Seminerde konuşan Özel Optimed Hastanesi Genel Cerrahi Uzmanı Op. Dr. Hakan Sunal da Çölyak Hastalığının, bağırsaklardaki sindirimi sağlayan villus denilen tüysü oluşumların bozulmasına neden olan, dolayısıyla yiyeceklerdeki besinin emilmesini engelleyen ve ince bağırsaklarda hasarlar oluşturan bir alerjik sindirim sistemi hastalığı olduğunu ifade ederek “Bu hasara buğday, arpa, çavdar, yulaf gibi tahılların içerisinde bulunan glüten isimli bir protein oluşturmaktadır. Çölyak hastalığında ailevi kalıtım söz konusudur” dedi.

 

“HERHANGİ BİR DÖNEMDE ORTAYA ÇIKABİLİR”

 

Çölyak hastalığının, vücutta immunolojik cevabı tetikleyen çevresel (gluten tüketimi) ve genetik faktörlerin birlikte rol oynaması sonucunda ortaya çıktığını dile getiren Sunal “Hastalık yaşamın herhangi bir döneminde ortaya çıkabilir.
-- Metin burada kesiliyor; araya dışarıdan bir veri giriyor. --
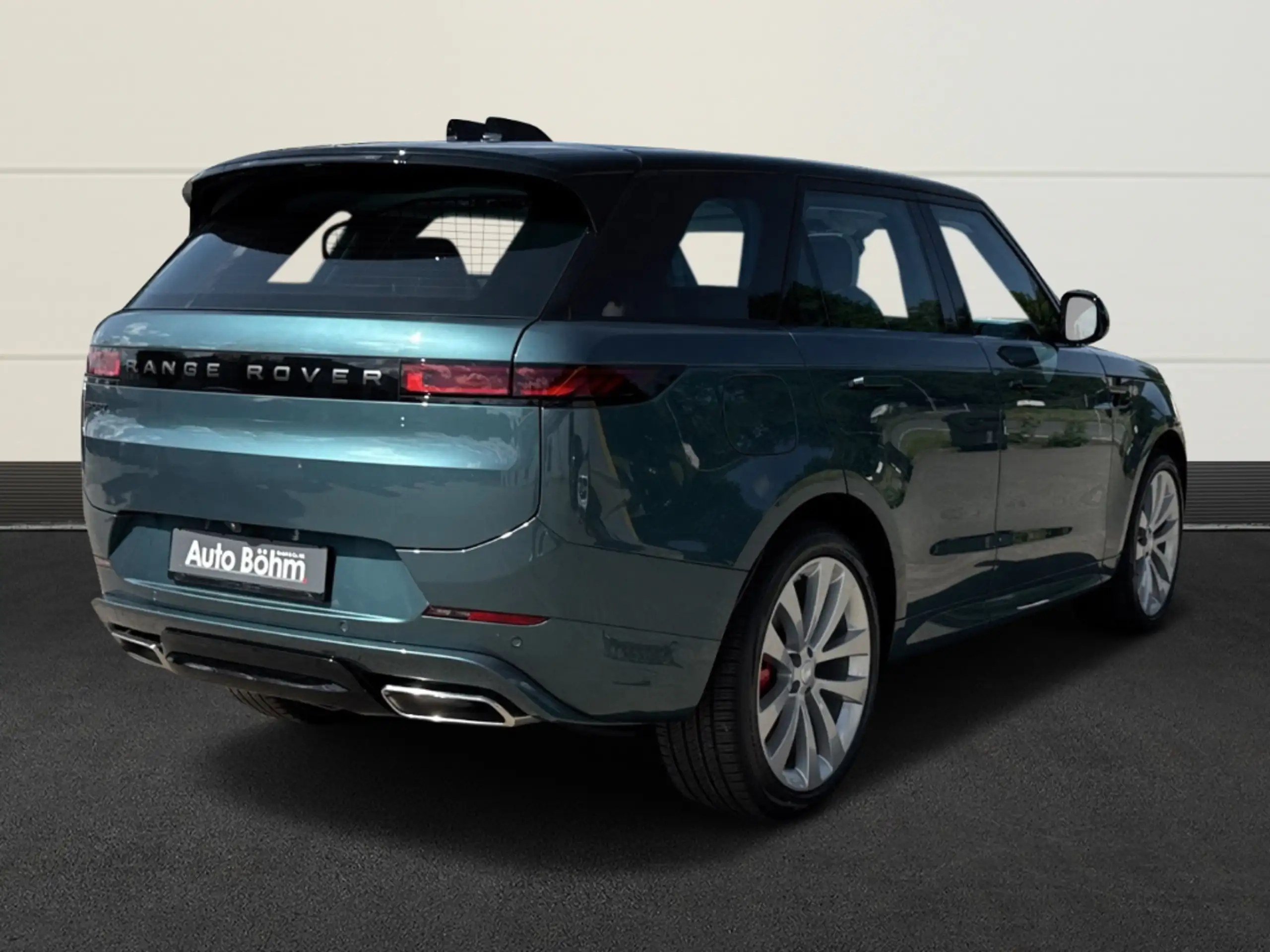 Land Rover - Range Rover Sport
Çocukluk, ergenlik, orta yaş ve yaşlılıkla ortaya çıktığı görülmüştür. Ameliyat,doğum sonrası, gebelik, viral enfeksiyon yada şiddetli duygusal stresten sonra tetiklenebildiği gibi direkt çölyak hastalığı tablosuyla da ortaya çıkabilir. Çölyak hastalığı yaşam boyu süren tek gıda alerjisidir. İnsanoğlunun en sık rastlanan genetik hastalığı olarak kabul edilmektedir. Çölyak hastalığının görülme sıklığı yüzde bir ile binde 3 arasında değişmekte olup, Türkiye’de 250 bin ile 750 bin arasında tahmin edilmekte ikin ancak yüzde 10’una tanı konulduğu dikkate alındığında 25 bin ile 75 bin arasında tanı almış hasta bekleniyor” dedi.

 

BELİRTİLERİNİ ANLATTI

 

Sunal, çölyak hastalığının çocuklarda özellikle karın ağrısı, karında şişlik, ishal husursuzluk, iştahsızlık, enfeksiyonlarda artış, gelişme geriliği, kusma, kilo alamama, boy uzamasında yavaşlama gibi tipik belirtilerle ortaya çıktığını dile getirerek “Çölyak hastalığı her yaşta teşhis edilebilmekte birlikte belirtiler başka hastalıkları da düşündürmekte olduğundan teşhisi zor olan hastalıklardandır. Erken osteoporoz, kansızlık, teşhis edilmemiş laktoz alerjisi gibi hastalıklarla karıştırılabilir” dedi.

 

“TEK TEDAVİSİ SIKI BİR DİYET”

 

Çölyak hastalığının tek tedavisinin ömür boyu buğday, arpa, çavdar, yulaf tahıllarında bulunan glütenden uzak sıkı bir diyet olduğunu kaydeden Sunal, “Çölyak hastaları ayrıcı marketlerde satılan hazır gıdaların içeriklerine dikkat etmeli glütensiz gıdaları tüketmelidir. Çölyak hastalarımız tüm sebzeler, tüm meyveler, tüm bakliyatlar, katkısız katı ve sıvı yağlar, yumurta, bal, reçel, basit toz şeker, zeytin, et, balık, tavuk, una batırılmamış konserve çeşitleri, mısır, pirinç, patatesin hem kendileri hem de unları bezin hazırlamada kullanabilir. Ayrıca kestane unu, nohut unu, soya unu, üzüm çekirdeği unu, evde çekilmiş güvenli baharatlar kullanılabilir” dedi. Öğrencilerin çölyak hastalığı ile ilgili şiirlerini okumasının ardından Optimed Hastanesi diyetisyeni Sinem Kaya da çölyak hastalarının diyetleriyle ilgili bilgiler aktardı.